O estado tem se posicionado de forma pioneira no mercado de carbono. Em junho de 2023, a cidade do Rio promulgou uma lei concedendo incentivos fiscais a empresas do setor de carbono, com redução do Imposto sobre Serviços (ISS) de 5% para 2%. Também houve a criação do programa ISS Neutro, que estimula o mercado de carbono: empresas poderão utilizar créditos de carbono para abater seu valor devido de ISS. Segundo a prefeitura, 20 empresas já se inscreveram no programa. O objetivo do projeto, que irá vigorar até 2030, é transformar o Rio na capital da economia verde.
O Rio prevê outro incentivo fiscal ao mercado de carbono, com foco direto nos cidadãos: ao quitar o IPVA (Imposto sobre a Propriedade de Veículos Automotores), os contribuintes irão receber créditos de carbono, que poderão ser negociados. Além de ajudar a fortalecer o mercado de carbono, a iniciativa coloca a economia verde em evidência.
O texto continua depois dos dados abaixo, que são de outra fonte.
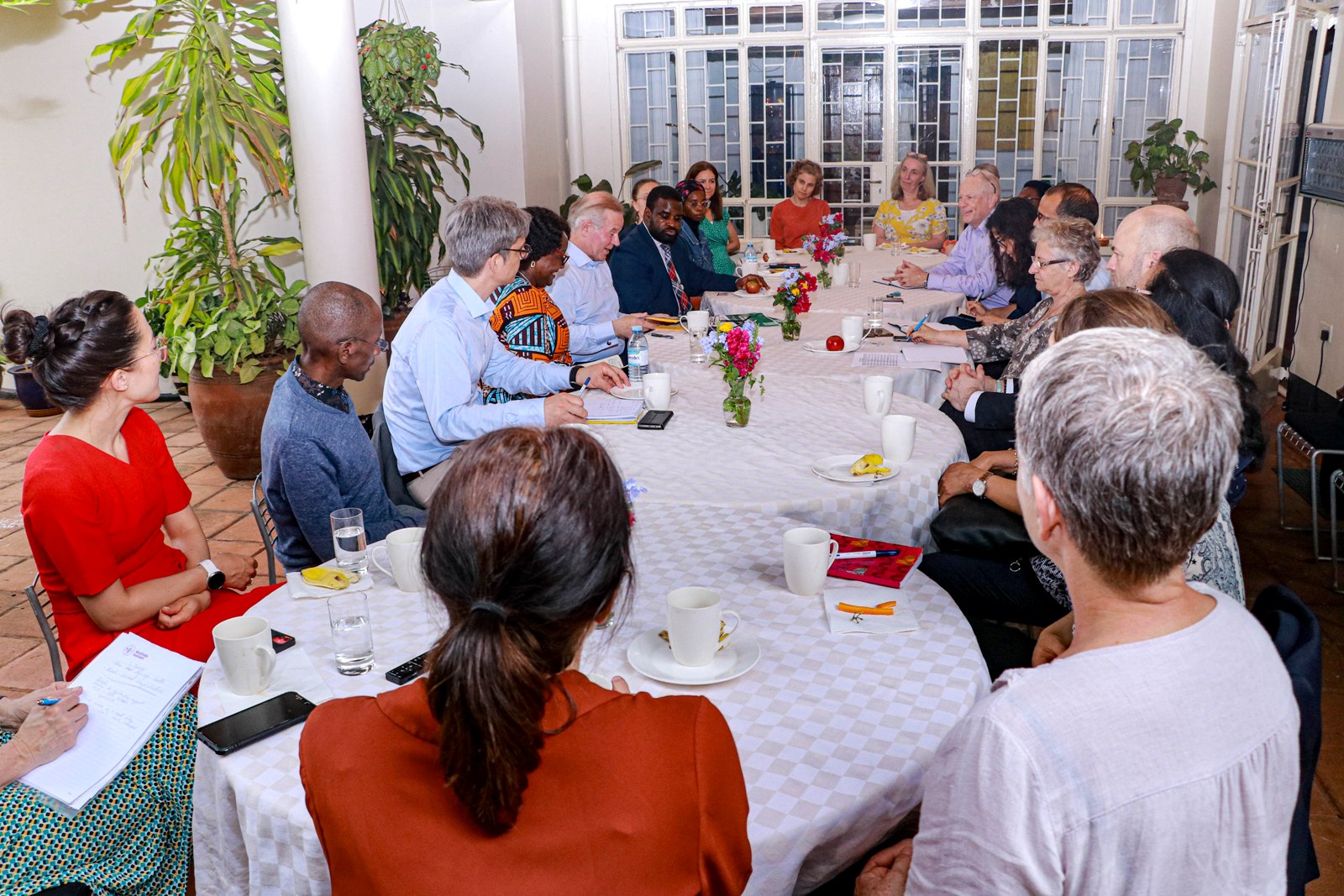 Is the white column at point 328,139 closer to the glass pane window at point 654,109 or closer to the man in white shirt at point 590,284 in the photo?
the man in white shirt at point 590,284

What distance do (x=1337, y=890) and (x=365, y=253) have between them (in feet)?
14.8

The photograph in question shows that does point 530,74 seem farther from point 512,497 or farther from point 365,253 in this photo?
point 512,497

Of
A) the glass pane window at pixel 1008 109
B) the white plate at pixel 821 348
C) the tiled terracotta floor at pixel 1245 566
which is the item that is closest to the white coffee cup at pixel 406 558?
the tiled terracotta floor at pixel 1245 566

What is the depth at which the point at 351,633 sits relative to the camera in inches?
66.4

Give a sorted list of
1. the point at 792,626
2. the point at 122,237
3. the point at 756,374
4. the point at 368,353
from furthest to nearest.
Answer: the point at 122,237 → the point at 756,374 → the point at 368,353 → the point at 792,626

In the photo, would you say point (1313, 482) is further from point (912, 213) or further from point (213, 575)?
point (912, 213)

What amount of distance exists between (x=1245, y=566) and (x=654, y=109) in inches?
266

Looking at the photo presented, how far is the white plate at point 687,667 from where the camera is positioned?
63.1 inches

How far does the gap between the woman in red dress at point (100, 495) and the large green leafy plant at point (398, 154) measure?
346cm

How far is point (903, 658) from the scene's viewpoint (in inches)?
66.5

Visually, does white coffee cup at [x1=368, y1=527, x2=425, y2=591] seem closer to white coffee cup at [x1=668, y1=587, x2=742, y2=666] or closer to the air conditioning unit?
white coffee cup at [x1=668, y1=587, x2=742, y2=666]

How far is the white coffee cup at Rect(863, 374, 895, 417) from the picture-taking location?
117 inches

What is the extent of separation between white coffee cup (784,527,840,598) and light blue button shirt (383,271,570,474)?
130 cm

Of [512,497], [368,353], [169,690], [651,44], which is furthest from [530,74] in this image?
[512,497] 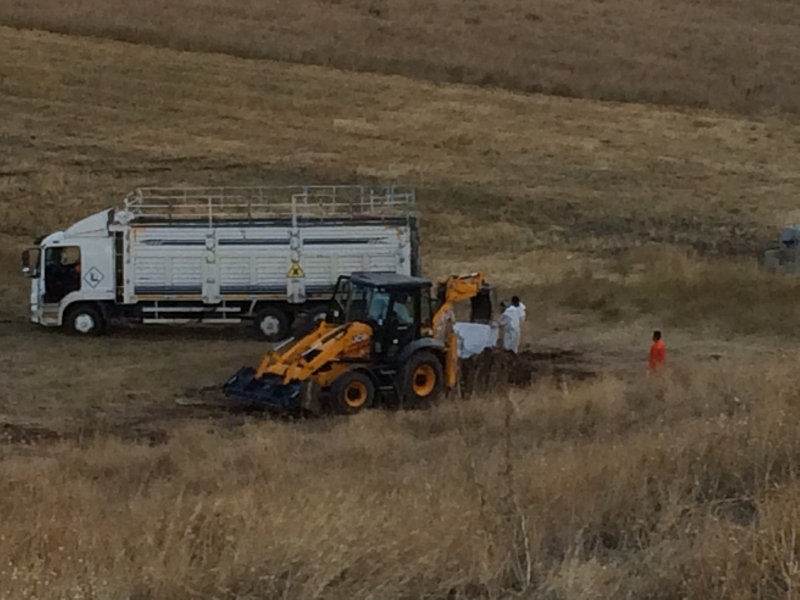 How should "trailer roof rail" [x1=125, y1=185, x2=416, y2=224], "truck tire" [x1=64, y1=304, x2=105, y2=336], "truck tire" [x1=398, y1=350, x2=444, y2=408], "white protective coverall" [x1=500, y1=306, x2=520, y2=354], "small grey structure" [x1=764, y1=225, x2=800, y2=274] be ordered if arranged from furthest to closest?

“O principal objetivo é conscientizar a população da necessidade de evitar as emissões”, afirma Rocha, que participou da elaboração do projeto. “A ideia é que, ao ter ações que sejam benéficas ao meio ambiente, o cidadão tenha um ganho com isso, como se fosse um cashback”, acrescenta ele. “No final das contas, os créditos de carbono acabam sendo de todos. Eles não são do poder público, são da população, da sociedade como um todo”.
O estado do Rio também assinou um acordo de cooperação técnica com a Embrapa, que prevê a execução de atividades conjuntas de pesquisas e desenvolvimento relacionadas ao mercado de carbono. O acordo inclui vários eixos de atividade. No primeiro deles, a Embrapa irá calcular a distribuição do estoque de carbono no solo do Rio, usando mapas de satélite e outras fontes. Além disso, a Embrapa irá criar uma ferramenta para determinar, com alta precisão, o carbono contido nas florestas do estado. Também haverá um programa que irá identificar e estimular boas práticas agropecuárias, com potencial para aumentar o sequestro de carbono pelo solo fluminense.
As iniciativas ambientais, fiscais e científicas que o Rio de Janeiro tem adotado colocam o estado em posição de destaque na economia verde – que irá crescer exponencialmente nos próximos anos, com a necessidade de combate às mudanças climáticas. Rocha estima em US$ 57 trilhões o valor atual dos investimentos globais em empresas e iniciativas sustentáveis, e destaca que se o Brasil conseguir atrair uma pequena parte deles, por volta de 3,5%, poderá dobrar seu PIB. “O cenário é o mais favorável possível. Entre 2025 e 2035, o Brasil é a bola da vez para os investimentos no mundo”, afirma.
¹ Brazilian Mangroves: Blue Carbon Hotspots of National and Global Relevance to Natural Climate Solutions. AS Rovai e outros, 2022.